### DATASET EXCERPTS
Segment Open

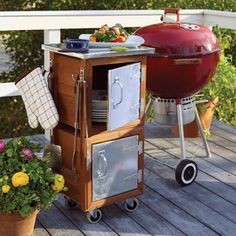 an outdoor bbq grill on a deck next to some vegetables and other food items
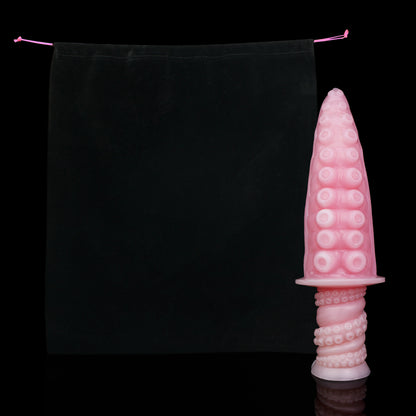 Moros the Deep One dildo, Fairy Floss colorway, shown alongside the included black Lunara's Realm storage pouch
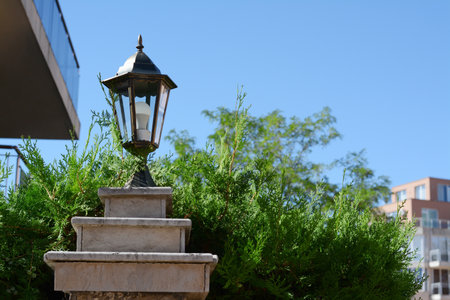 Pillar with vintage street lamp outdoors on sunny day, space for textの写真素材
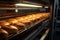 Bakery conveyor delivers fresh bread, a symphony of delicious aromas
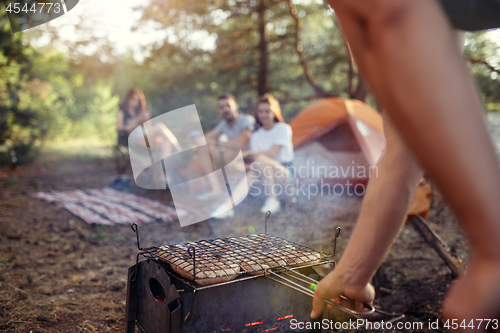 Image of Party, camping of men and women group at forest. They relaxing, singing a song and cooking barbecue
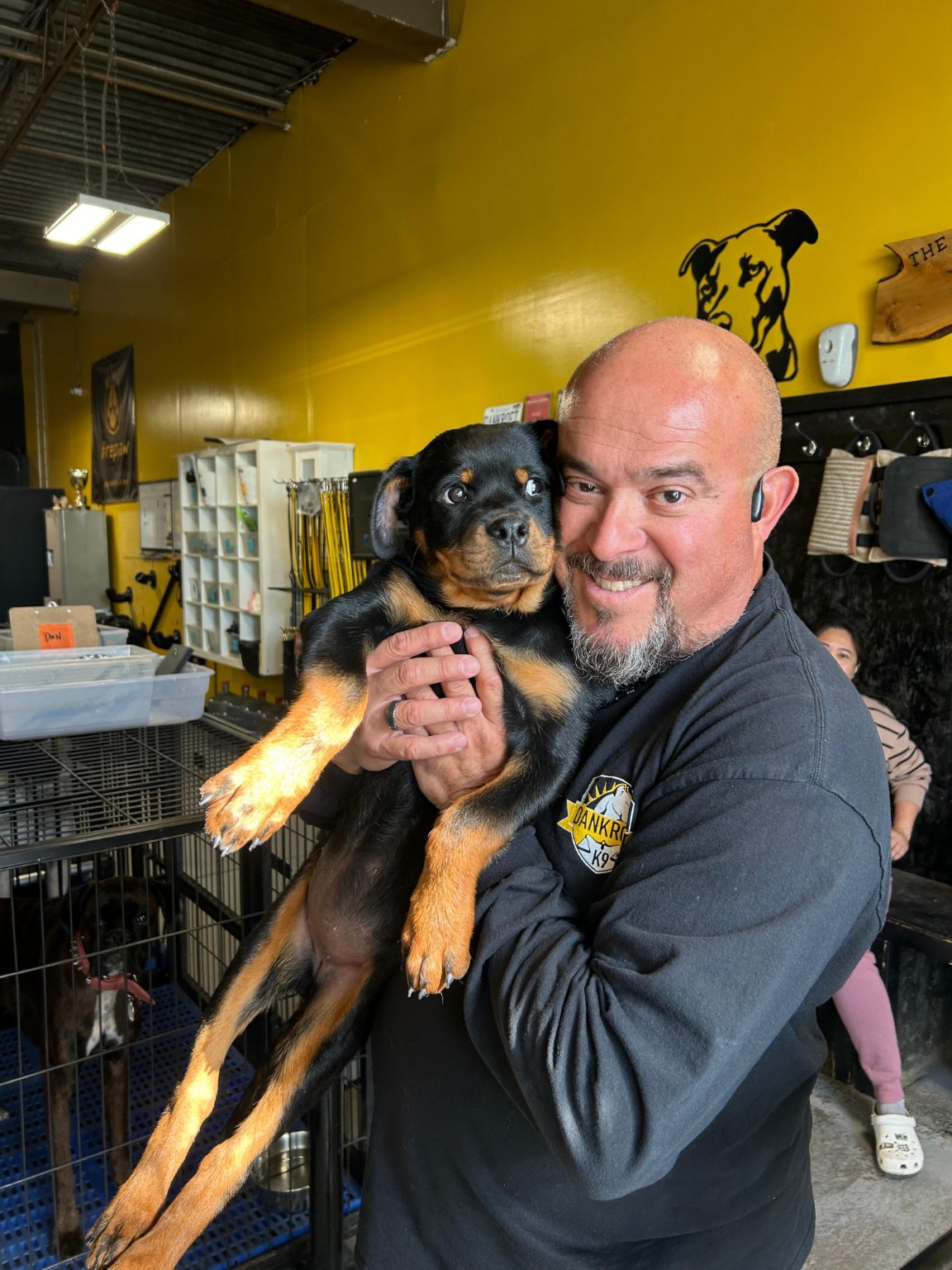 Dan of DankroftK9 holding a puppy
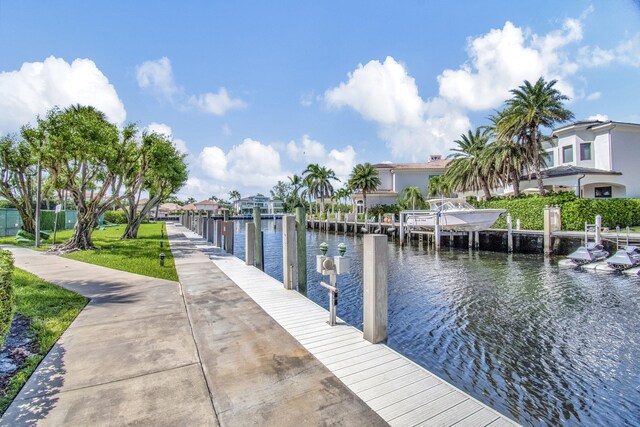 4740 S Ocean Blvd Unit 202, Highland Beach, FL 33487 - dock area with a water view and boat lift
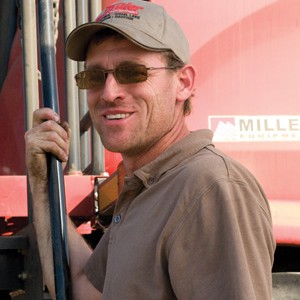 Man standing beside farm implement.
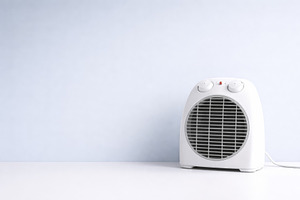 Electric heater on white table with, a Photo by Dvoevnore photos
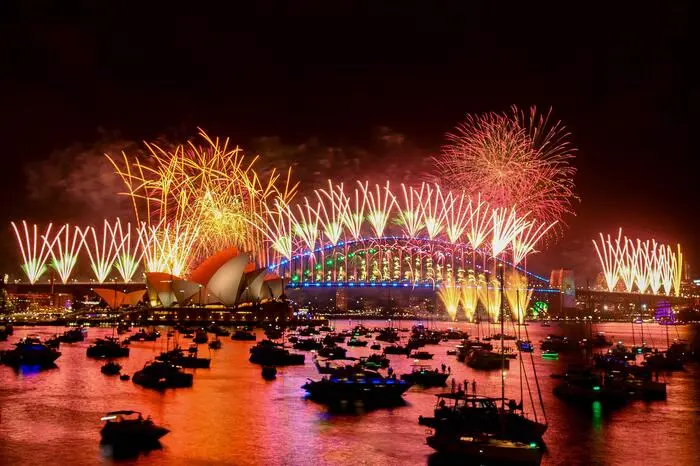 Fireworks explode over the Sydney Harbour Bridge and Sydney Opera House (L) during New Year's Eve celebrations in Sydney on January 1, 2024. (Photo by Izhar KHAN / AFP)
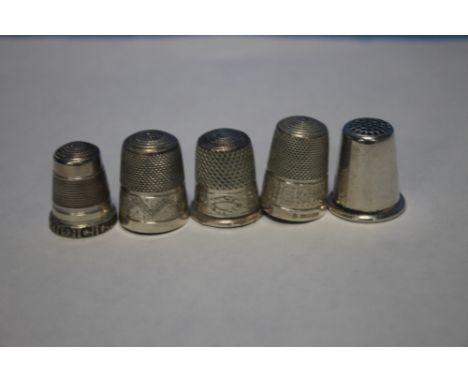 FIVE SILVER THIMBLES
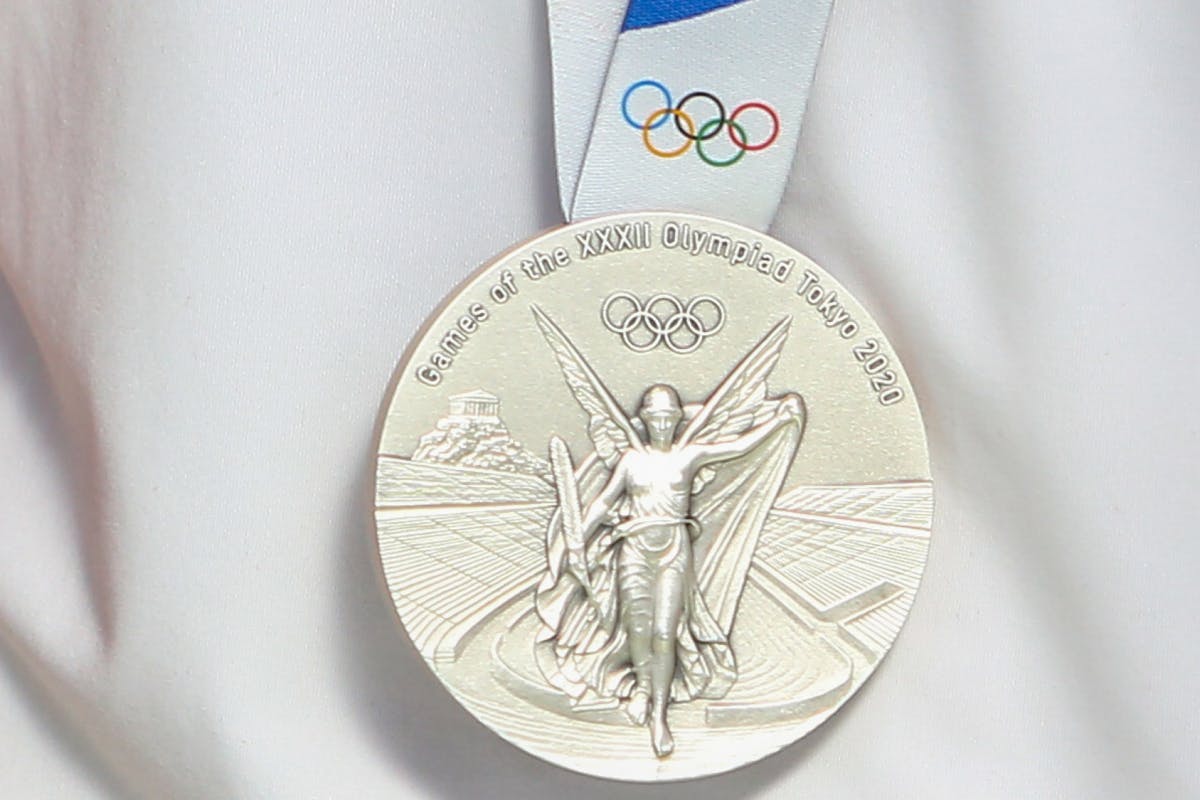 A close up of a Tokyo medal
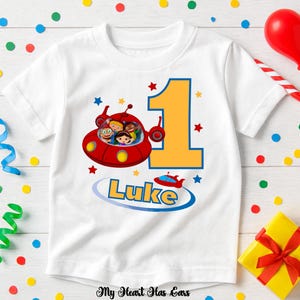 May include: White short-sleeved t-shirt featuring a red spaceship graphic with cartoon characters, the number 1 in yellow, and the name "Luke" in blue. The design includes stars and a small red spaceship.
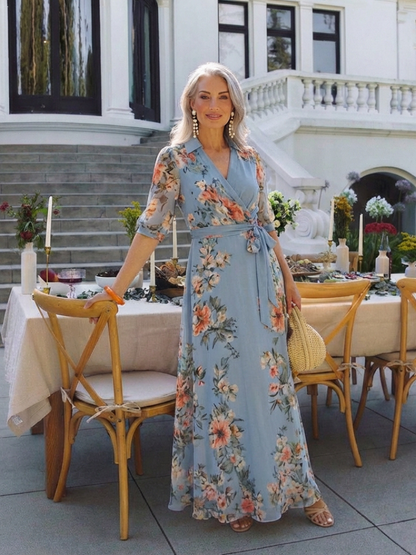 Women's blue floral wrap maxi dress with V-neckline and 3/4 sleeves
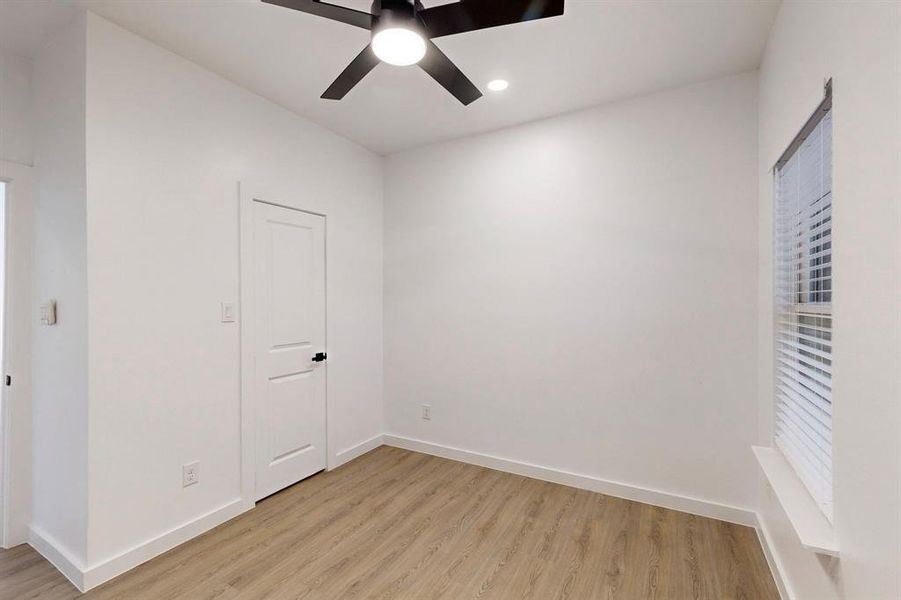 Spare room with ceiling fan and light hardwood / wood-style flooring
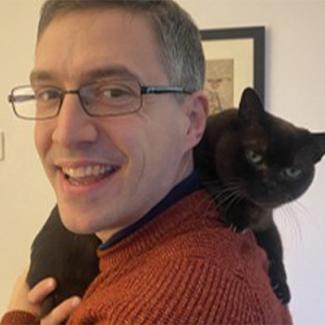 Man holding a black cat.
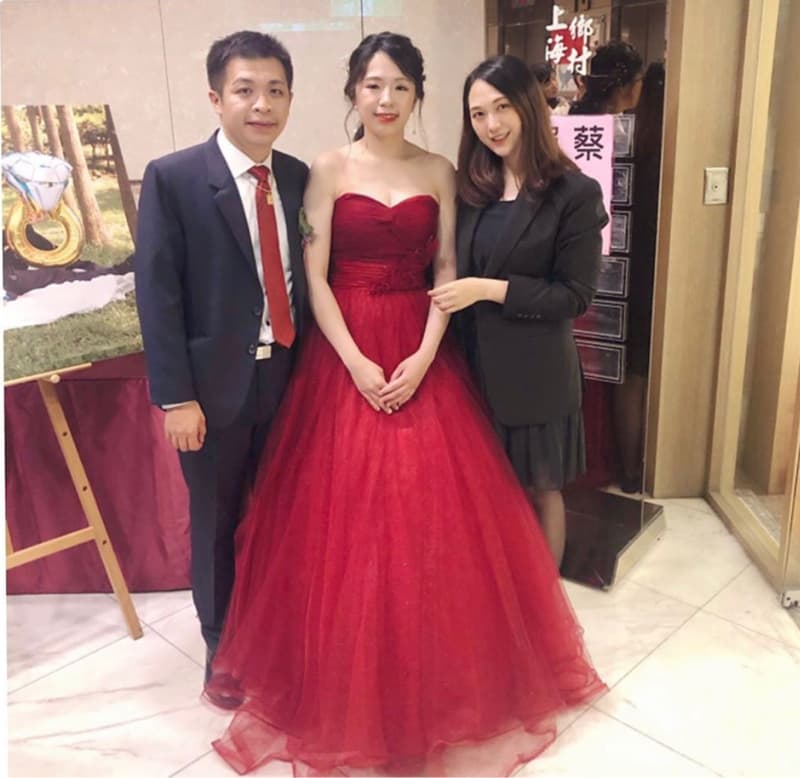 這張「婚禮」的照片是新郎穿著西裝，新娘穿著紅色禮服，旁邊站著一位女性友人。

Segment Closed

### TASK TO COMPLETE
A word-for-word copy of the entries is needed, with no pictures in it.

### SOLUTION BELOW
 an outdoor bbq grill on a deck next to some vegetables and other food items
 Moros the Deep One dildo, Fairy Floss colorway, shown alongside the included black Lunara's Realm storage pouch
 Pillar with vintage street lamp outdoors on sunny day, space for textの写真素材
 Bakery conveyor delivers fresh bread, a symphony of delicious aromas
 Image of Party, camping of men and women group at forest. They relaxing, singing a song and cooking barbecue
 Dan of DankroftK9 holding a puppy
 4740 S Ocean Blvd Unit 202, Highland Beach, FL 33487 - dock area with a water view and boat lift
 Man standing beside farm implement.
 Electric heater on white table with, a Photo by Dvoevnore photos
 Fireworks explode over the Sydney Harbour Bridge and Sydney Opera House (L) during New Year's Eve celebrations in Sydney on January 1, 2024. (Photo by Izhar KHAN / AFP)
 FIVE SILVER THIMBLES
 A close up of a Tokyo medal
 May include: White short-sleeved t-shirt featuring a red spaceship graphic with cartoon characters, the number 1 in yellow, and the name "Luke" in blue. The design includes stars and a small red spaceship.
 Women's blue floral wrap maxi dress with V-neckline and 3/4 sleeves
 Spare room with ceiling fan and light hardwood / wood-style flooring
 Man holding a black cat.
 這張「婚禮」的照片是新郎穿著西裝，新娘穿著紅色禮服，旁邊站著一位女性友人。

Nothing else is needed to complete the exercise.